There is still a sharp divide between the south and the north where conditions remain far worse, it said.

FOOD, SHELTER, FUEL NEEDED
Abeer Etefa, senior spokesperson for WFP, described the situation as a “race against time.”
“We need full access. We need everything to be moving fast,” she said. “The winter months are coming. People are still suffering from hunger, and the needs are overwhelming.”
Since the ceasefire the agency has brought in 20,000 metric tons of food assistance, roughly half the amount needed to meet people’s needs, and has opened 44 out of a targeted 145 distribution sites, she said.
The variety of food needed to ward off malnutrition is also lacking, she added.
“The majority of households that we’ve spoken to are only consuming cereals, pulses, dry food rations, which people cannot survive on for a long time. Meat, eggs, vegetables, fruits are being consumed extremely rarely,” she said.
A continuing lack of fuel, including cooking gas, is also hampering nutrition efforts, and over 60 percent of Gazans are cooking using burning waste, said OCHA, adding to health risks.
With winter approaching, Gazans need shelter. Tents are wearing thin. Buildings that survived the military onslaught are often open to the weather or unstable and dangerous.

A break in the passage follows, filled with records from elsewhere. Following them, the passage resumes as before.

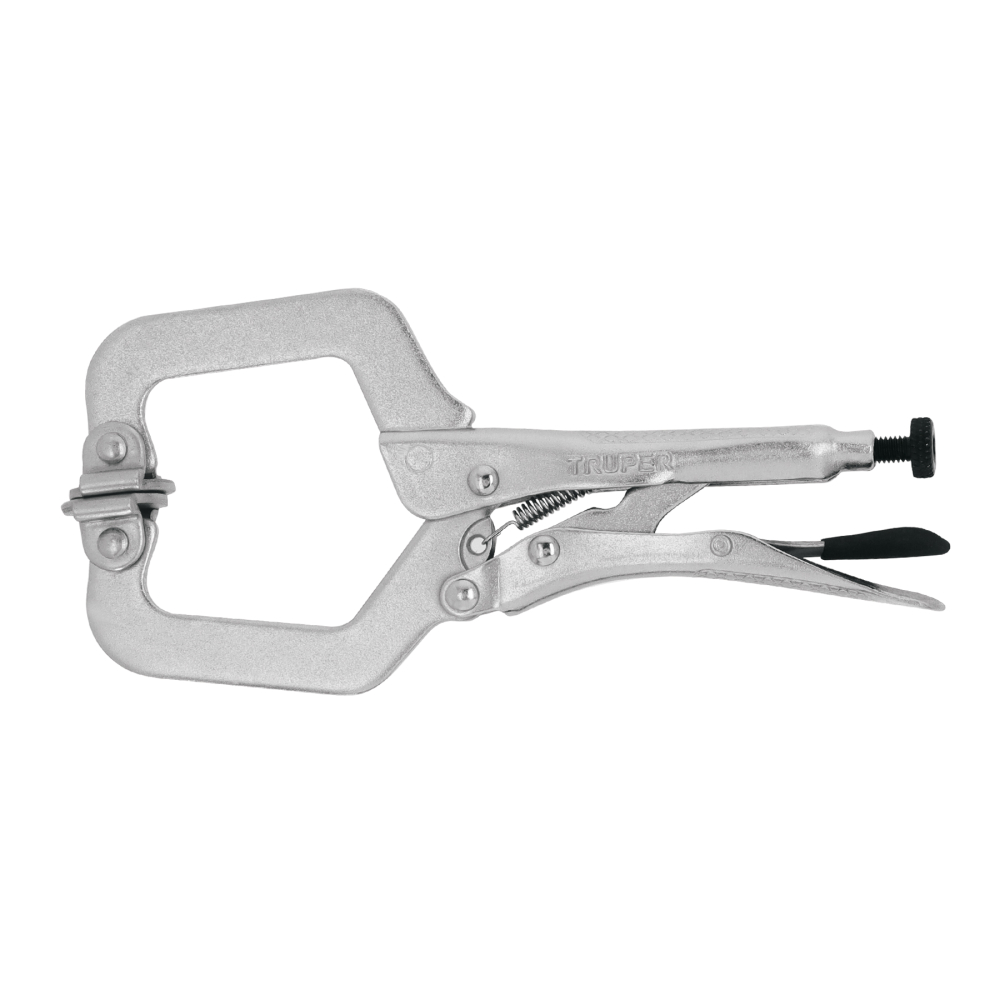 Pinza de presión 6' tipo 'C' con mordaza autoajustable PPC-6R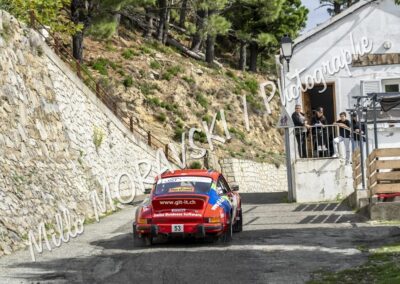 Porsche 911 SC Gazelle n° 53, Frank Servais / Konstantine Buxtorf, Tour de Corse Historique 2024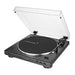 Audio Technica Belt-drive Turntable with Bluetooth and Analogue Out - Black - LX2001 - Homewares, Outdoor, Phone Accessories, Cases, Speakers, Headphones + More -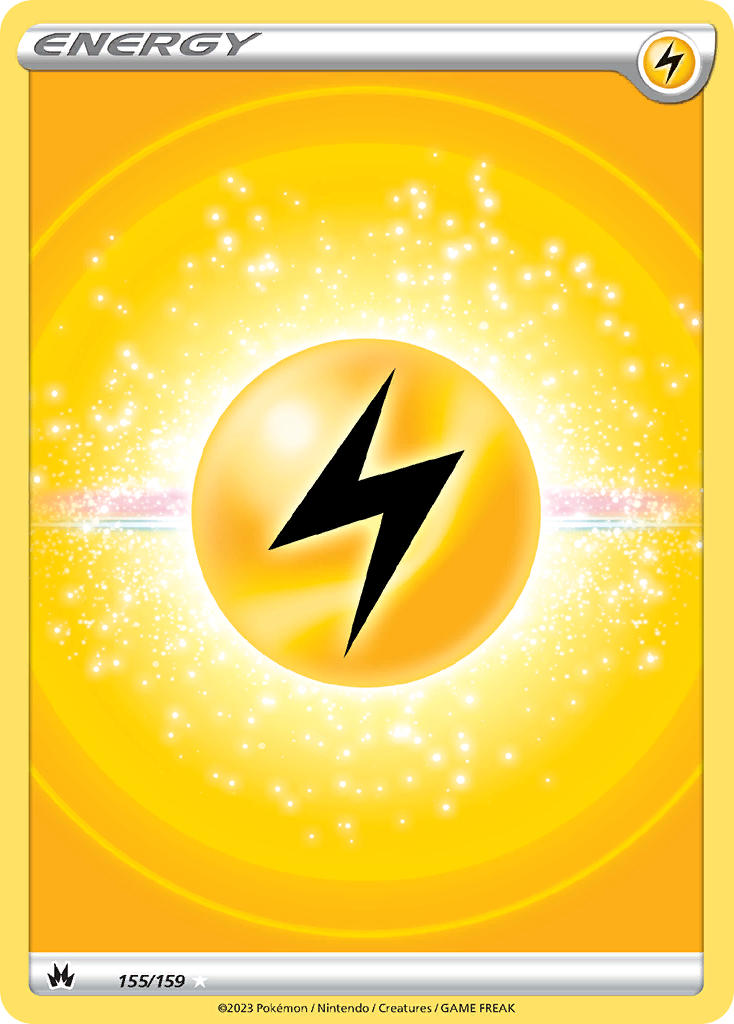 155/159  Lightning Energy (Texture Full Art)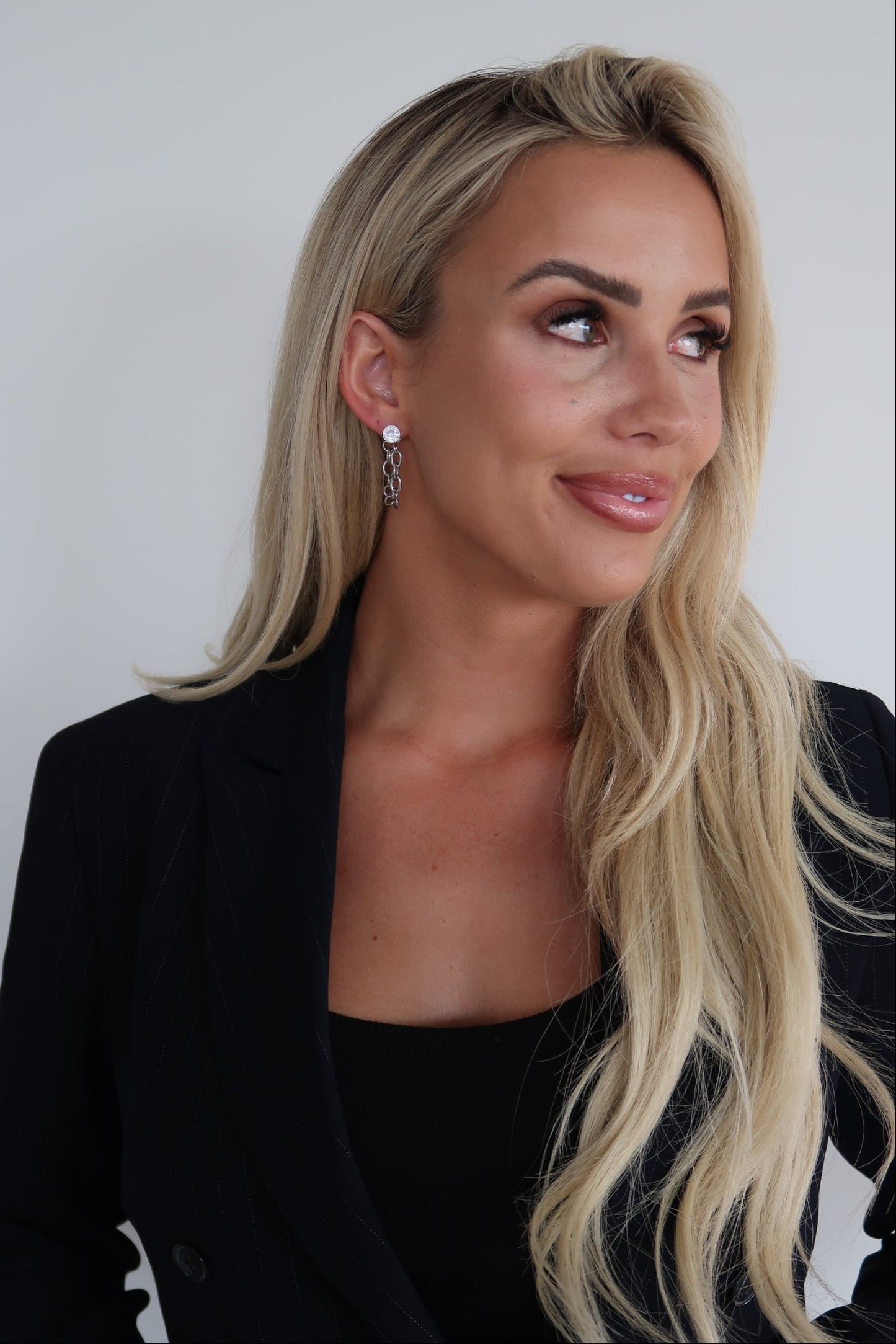 SILVER RYLEIGH EARRINGS - Triple Charm Boutique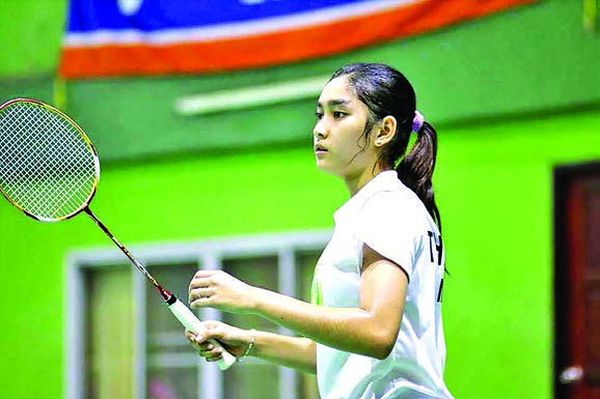 缅甸羽坛女将兵败印度赛场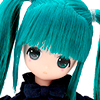 Summer Limited '09 CHIIKA Aqua Green ver.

“We’re coming into winter soon — rainwater and possible floods, as well as potential diseases because of the hundreds of tons of garbage near populated areas,” said Amjad Al-Shawa, head of the Palestinian agencies that liaise with the UN
He said only 25-30 percent of the amount of aid expected into Gaza had entered so far.
“The living conditions are unimaginable,” said Shaina Low, spokesperson for the Norwegian Refugee Council, which leads a group of agencies working on a lack of shelter in Gaza.
The NRC estimates that 1.5 million people need shelter in Gaza but large volumes of tents, tarpaulins and related aid is still waiting to come in, awaiting Israeli approvals, Low said.